Assignment » Keep the pictures out and restate every record exactly.

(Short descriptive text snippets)
--------------------------------------------------
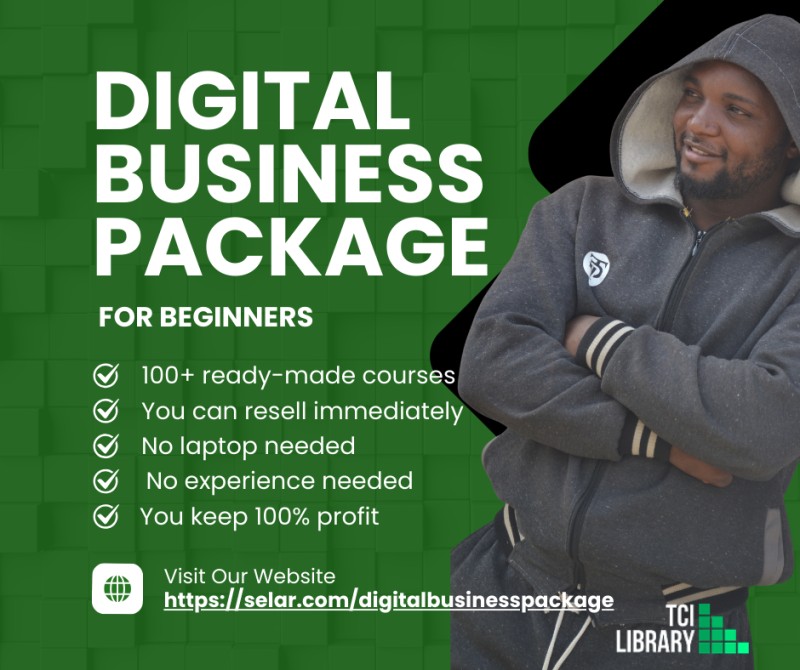 Digital Business Package for Beginner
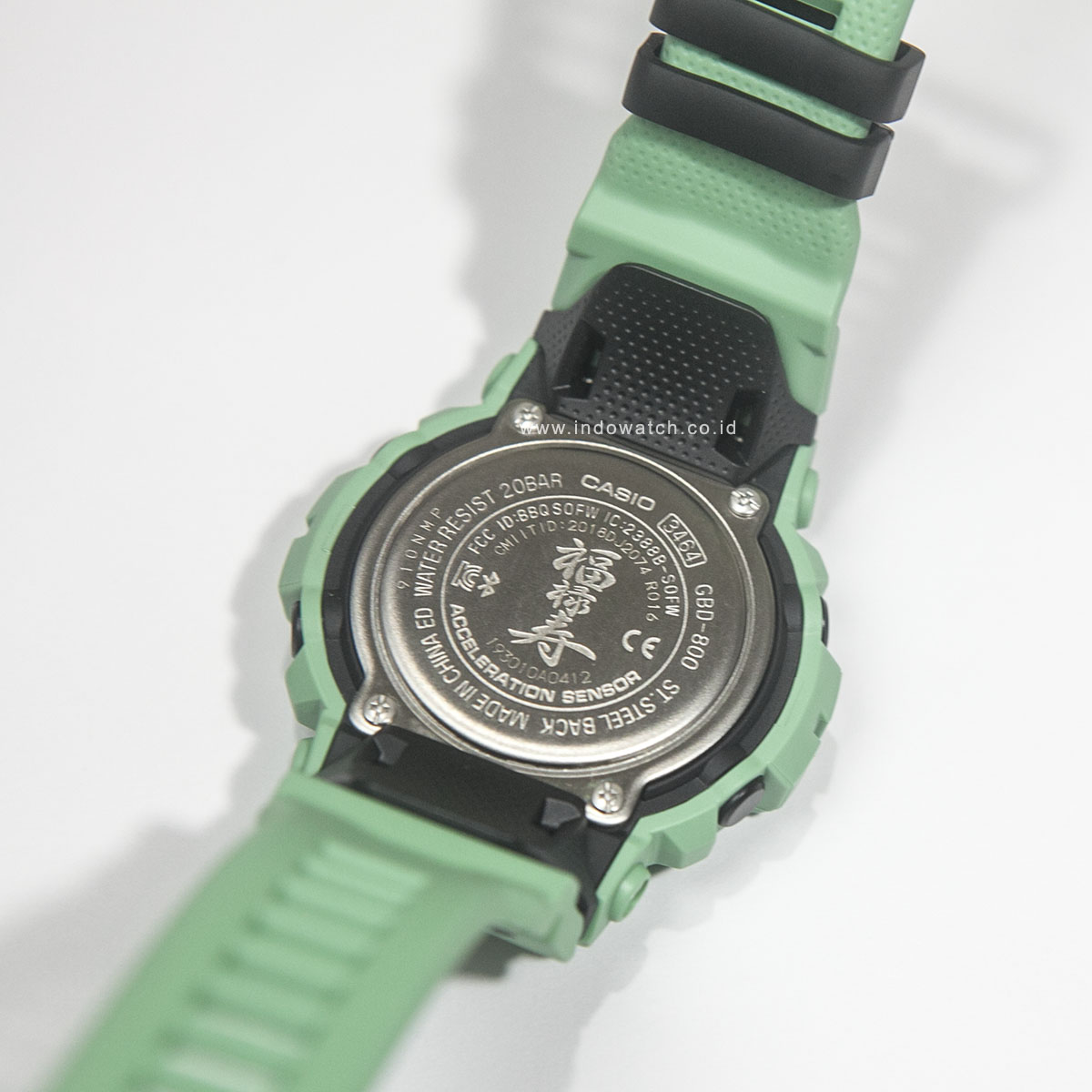 Casio G-Shock G-SQUAD STEP COUNT GBD-800SLG-3 LIMITED EDITION - Image 9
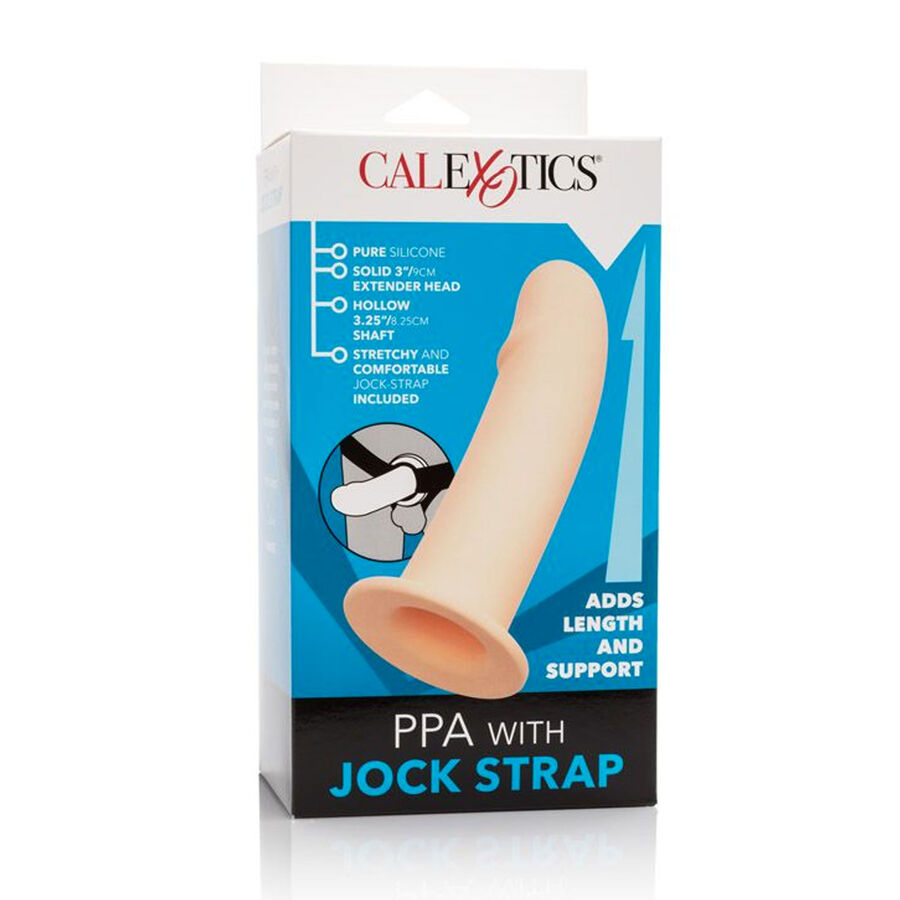 Arnês Vibrador Oco com Jock Strap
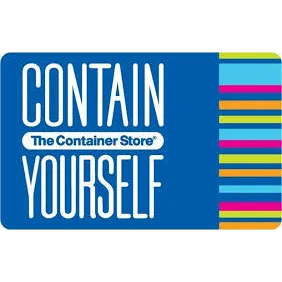 $100.00 USD The Container Store egift card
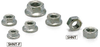 Hex Nuts / Hex Flange Nuts - Titanium -- SHNT-M10-F - Image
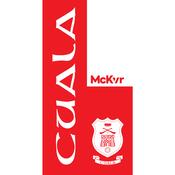 McKvr Cuala GAA Bath Towel - Red
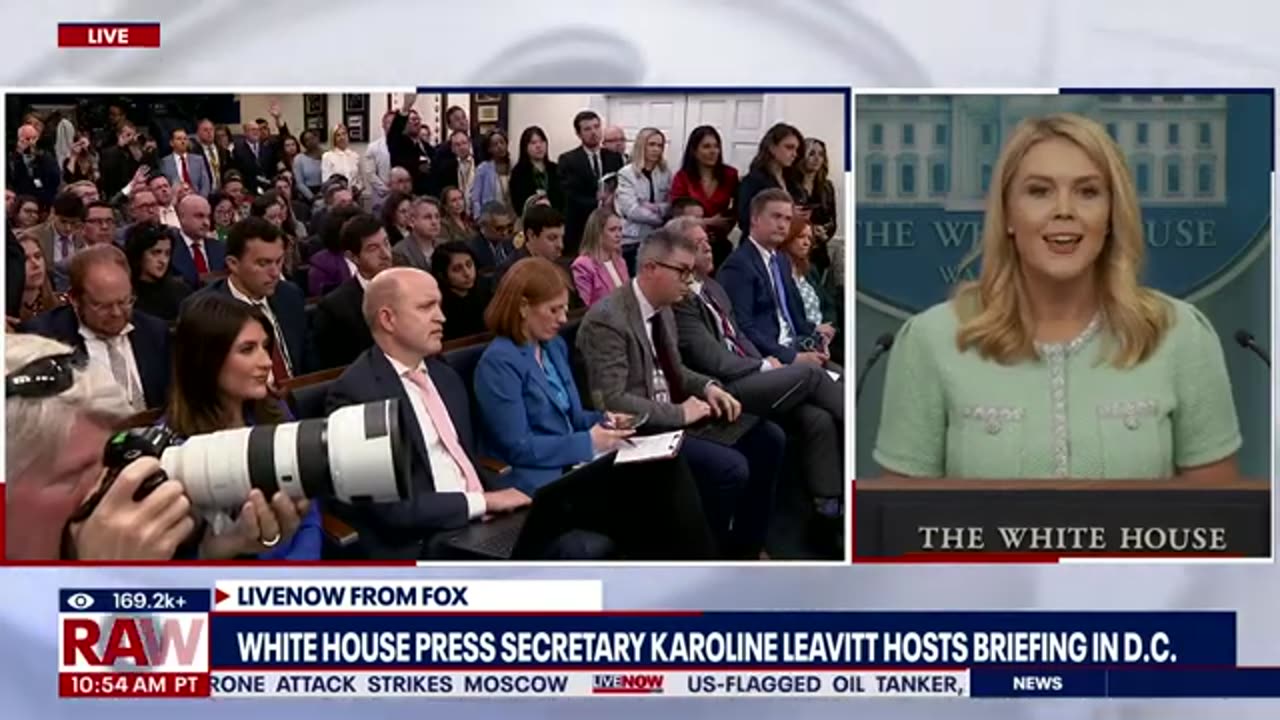 FULL: President Trump Press Secretary Karoline Leavitt holds White House Briefing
--------------------------------------------------
Output of the task »
 Digital Business Package for Beginner
 Casio G-Shock G-SQUAD STEP COUNT GBD-800SLG-3 LIMITED EDITION - Image 9
 Arnês Vibrador Oco com Jock Strap
 $100.00 USD The Container Store egift card
 Hex Nuts / Hex Flange Nuts - Titanium -- SHNT-M10-F - Image
 McKvr Cuala GAA Bath Towel - Red
 FULL: President Trump Press Secretary Karoline Leavitt holds White House Briefing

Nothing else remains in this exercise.